Grit Less Mills. High Intensity Grit Strength Workouts from New Zealand

To be in good sportswear, it is absolutely not necessary to kill yourself with many hours of training. Especially for this, there are high-intensity workouts that, thanks to cardio exercises, add endurance and have a beneficial effect on the cardiovascular system. We tell you what Grit Strength is, how it works and how many calories it burns.

LES MILLS™ is a group and team training program that has changed the lives of millions of people. On this moment There are about 14,000 clubs in 80 countries around the world. The birthplace of this training system is located in Oakland, New Zealand. 13 specially designed workouts are updated every 3 months, and with each update, new exercises and new music appear in the program.

The group workout series includes: BODYATTACK™ , BODYBALANCE™ , BODYCOMBAT™ , BODYJAM™ , BODYPUMP™ , BODYSTEP™ , BODYVIVE™ , RPM™ , SH'BAM™ and CXWORX™ .

BODYATTACK™. This is a cardio workout, the purpose of which is to develop endurance and strength. This class includes aerobic exercises as well as strength and balance exercises. Duration - 55 minutes, average calories burned - 675 kcal, intensity - high.

BODYBALANCE™. It is a mixture of yoga, tai chi and Pilates. This workout teaches breath control, helps develop flexibility and a sense of balance. Duration - 55 minutes, average calories burned - 390 kcal, intensity - low to medium.

BODYCOMBAT™. This is a mixture of exercises from various martial arts. The basis of these training programs are such martial arts like karate, boxing, tae kwon do, tai chi and muay thai. Duration - 55 minutes, average calories burned - 737 kcal, intensity - high.

BODYJAM™. This is a cardio workout that includes dance moves. Duration - 55 minutes, average calories burned - 530 kcal, intensity - medium, may vary depending on the load.

BODYPUMP™. This is a strength training with special sports equipment - pumps. Its basis is exercises with low weight, but a large number of repetitions. This is one of the most fast ways get rid of excess weight and put your body in order, as the main muscle groups are involved in the training. Duration - 55 minutes, intensity - high.

BODYSTEP™. This is an active step training with specially designed choreography. Duration - 55 minutes, average calories burned - 620 kcal, intensity - high.

BODYVIVE™. This is a workout using special balls. Usually the load is quite low, and the workouts are divided depending on which particular muscle group you are working on. Duration - 55 minutes, average calories burned - 550 kcal, intensity - low and medium.

RPM™. This workout on stationary bikes with a specially designed program Duration - 45 minutes, average calories burned - 675 kcal, intensity - high.

SH'BAM™. This is an explosive mixture of modern and Latin American dances Duration - 45 minutes, average calories burned - 506 kcal, intensity - medium and high.

CXWORX™. This workout is aimed at strengthening the muscles of the upper body (back, abs and buttocks). Duration - 30 minutes, average calories burned - 230 kcal, intensity - medium and high.

And since healthy lifestyle now in vogue, these workouts are gradually conquering our gyms. In order for the training to be called exactly as described above, the coach must have a special license. However, it is not so easy to get, so in many clubs these workouts can be included in the schedule in the form of high intensity intervals or bodybalance.

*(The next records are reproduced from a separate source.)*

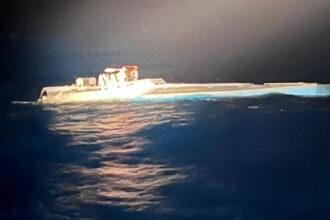 video submarin cu 17 tone de cocaina interceptat in atlantic de autoritatile portugheze 690a611836fcd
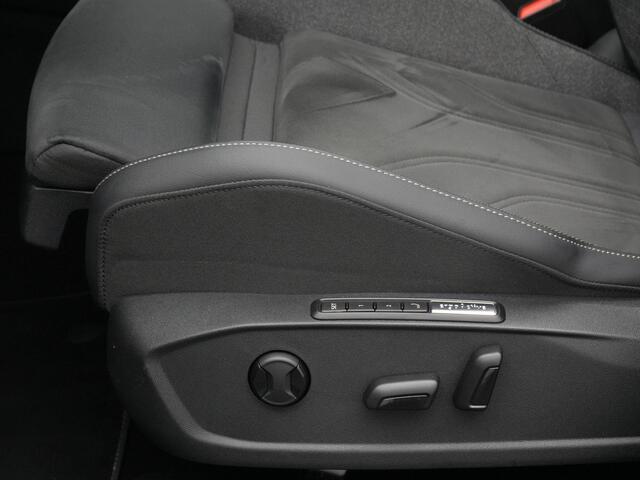 Volkswagen GOLF 1.5 TSI 150 pk Style | Panoramadak | IQ Light | Harman Kardon sound | Rondomzicht camera | Stoelverwarming | 18 inch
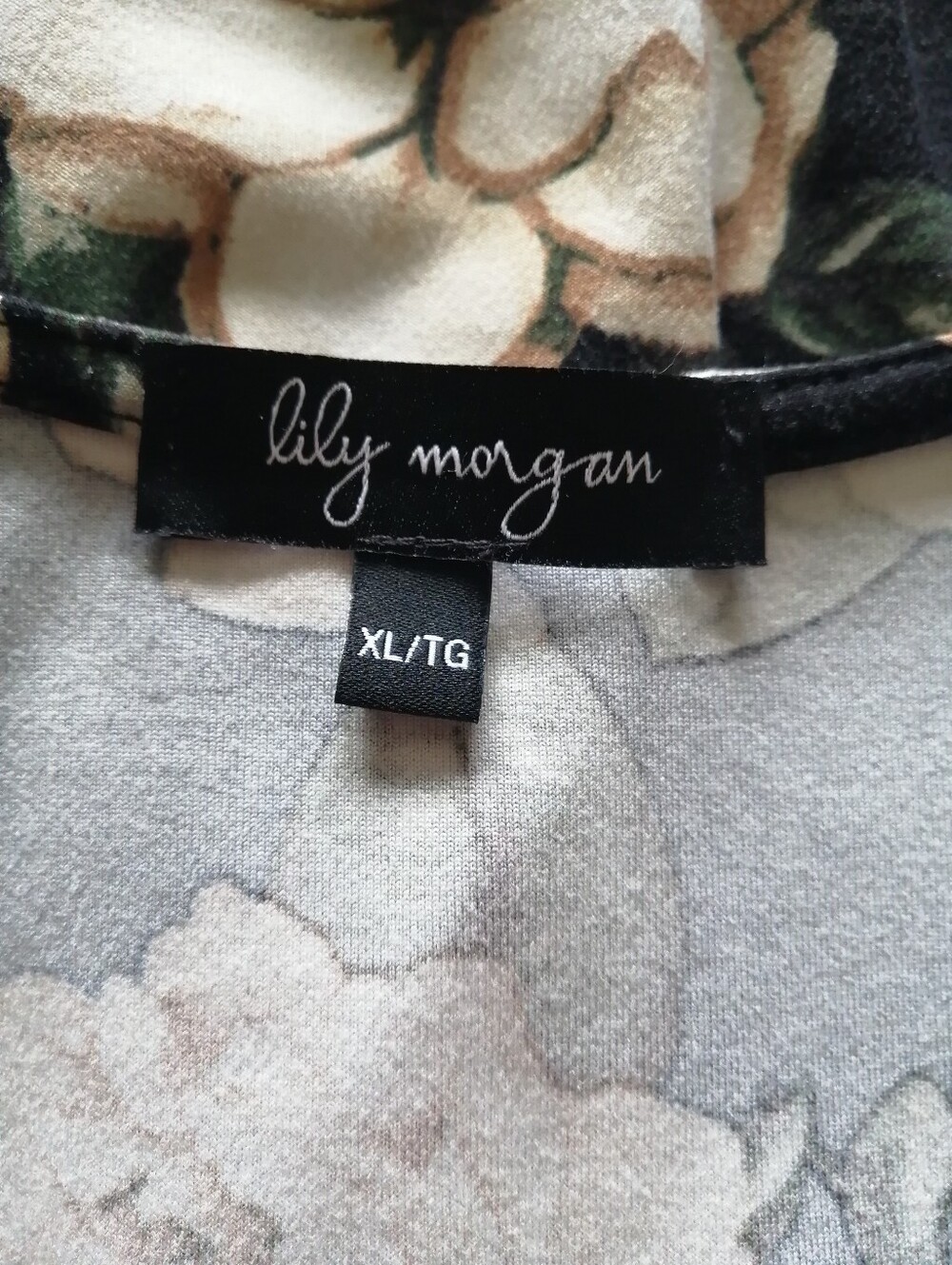 Black Floral V-Neck Short Sleeve Mini Dress - Picture 6 of 7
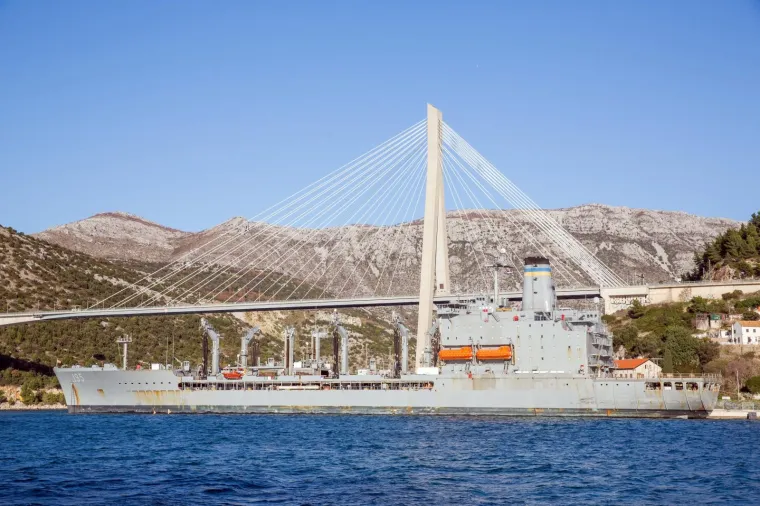 Tanker RM SAD-a "USNS Leroy Grumman" boravi u Dubrovniku od 22. prosinca 2017. godine do 2. siječnja 2018. godine u sklopu bilateralne vojne suradnje Hrvatske ratne mornarice s Ratnom mornaricom SAD-a. Riječ je o tankerskom brodu izgrađenom 1989. godine. Dug je 207 metara, širine 30 metara s bruto tonažom nešto manjom od 21 tisuća tona. Photo: Grgo Jelavic/PIXSELL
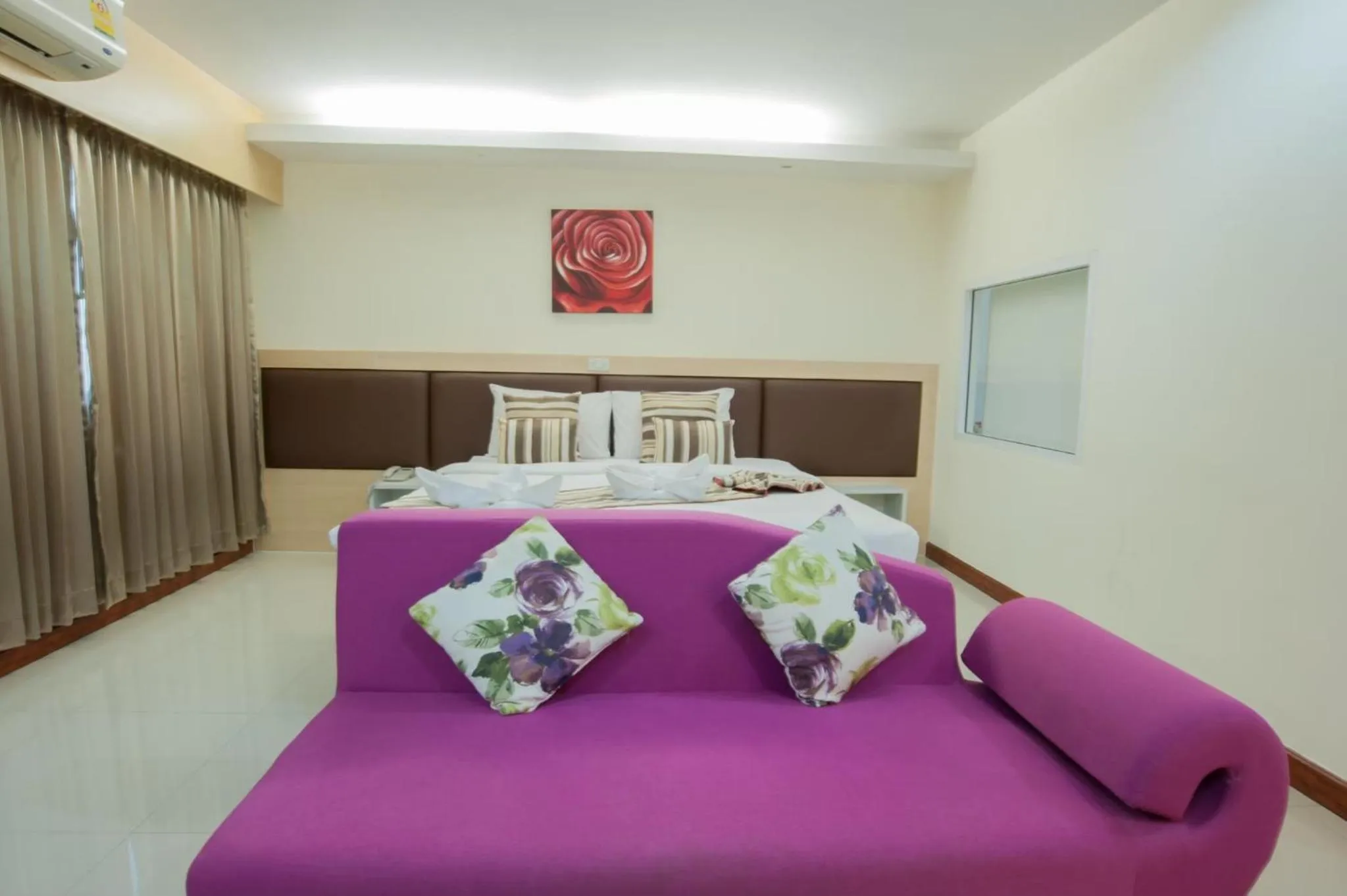 Photo of the whole room, Bed in Taragrand Donmuang Airport Hotel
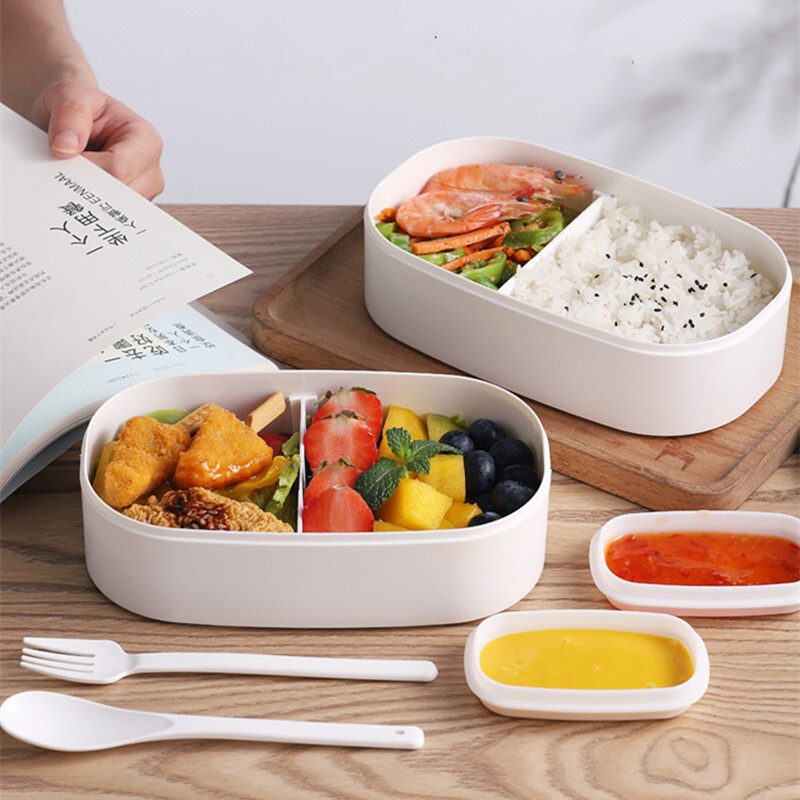 Kahekihiline puiduimitatsioonist valmistatud kaanega lõunakarp köögitoidukonteiner koos söögiriistadega, lapsed naistele, õues pakitud Bento kandur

We asked the trainer who conducts trainings according to this system to comment on this type of training.

Coach's comments

Meet Mikhail Kandziuba, fitness instructor in aerobics and Latin American dances, as well as personal trainer. Currently working in sports club BioRhythm.

How did you find out about Grit Strength?

I found information on the official website and decided to try it. This is one of the most famous New Zealand schools in the world. New Zealand is very meticulous in its research on sports. After research, testing, information gathering and analysis, new programs are patented. This is where the preparation for the soldiers began.

The first lesson was held in the BioRitm club for a test group. After watching the licensed video, I decided to create a program for group lesson– BODYPUMP™ and BODYBALANCE™.

This workout is practically no different from CrossFit. The only difference is that you have a license and you do not need to prepare for competitions. The load is large enough and suitable for both women and men. This is a unisex workout.

How many people should be in a group?

The group should consist of a maximum of 10 people, although everything depends on the size of the hall. Besides, than more people the less attention the coach will be able to pay to each of them. Since these are high-intensity workouts and with quite a lot of weight, you need to do all the exercises correctly, otherwise you can get injured and not get the desired effect at all.

Are there any age and physical condition restrictions?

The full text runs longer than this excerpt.